Tú y yo hemos pasado buena parte de nuestra vida adulta conspirando para salvar el mundo. Varias vidas adultas, en realidad. Y ahora que lo hemos hecho, me planteo una pregunta distinta, una pregunta para la que temo no tener respuesta (o carecer de valor para buscarla). Así que te pregunto a ti, mi viejo amigo: ¿merecía el mundo que lo salváramos? ¿Merecemos nosotros que nos salven?
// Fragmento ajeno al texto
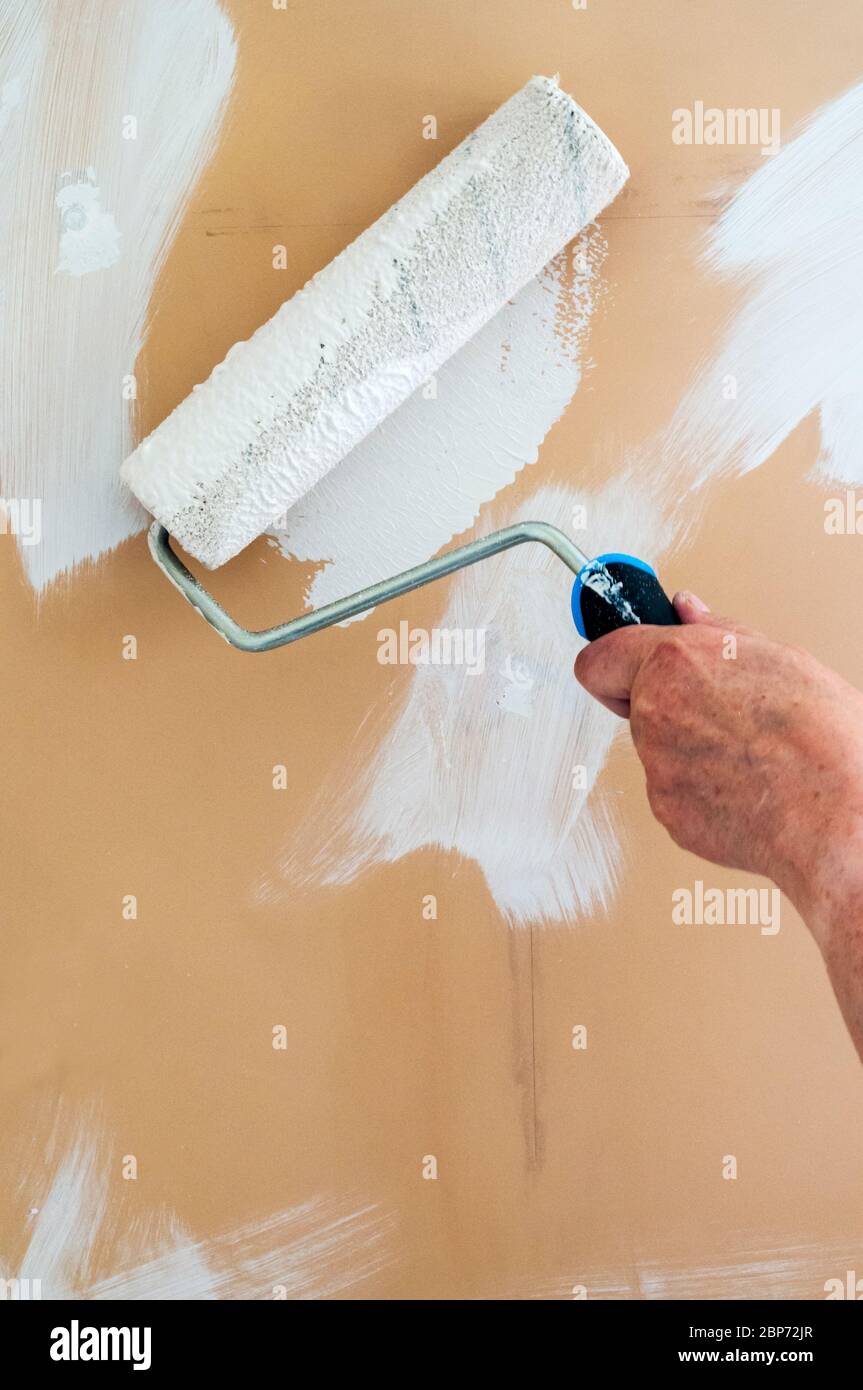 Decorazione di casa. Verniciatura di un bianco da parete preparato con un rullo di vernice. Foto Stock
Emprendimos esta gran empresa dando por sentado que sí. Pero ahora, por primera vez, me lo pregunto. Y mientras que considero que la purificación del mundo podría ser el gran logro que nos defina, la salvación de la humanidad podría haber sido nuestro mayor error. Puede que el mundo esté mejor sin nosotros. Carezco de la voluntad necesaria para decidirlo. Eso lo dejo en tus manos. El último turno, amigo mío, es tuyo, porque la tarea concluye en él. El pacto que hicimos hace ya tanto tiempo me atormenta como nunca lo había hecho. Y siento que lo que estoy a punto de hacer… es la salida fácil.

VINCENT WAYNE DIMARCO

Donald volvió a leer el último párrafo. Era una nota de suicidio. Turman lo había sabido. Desde el principio, mientras él trataba de comprender lo que le había pasado en su último turno, Turman lo había sabido. Aquella nota estaba en su poder y no se la había enseñado a los demás. Y le había faltado poco para llegar a la conclusión de que lo habían asesinado. Salvo que la nota fuese una falsificación… Pero no, se sacó esta idea de la cabeza. Ese tipo de paranoias podían entrar en una espiral de descontrol y prolongarse hasta el infinito. Tenía que aferrarse a algo.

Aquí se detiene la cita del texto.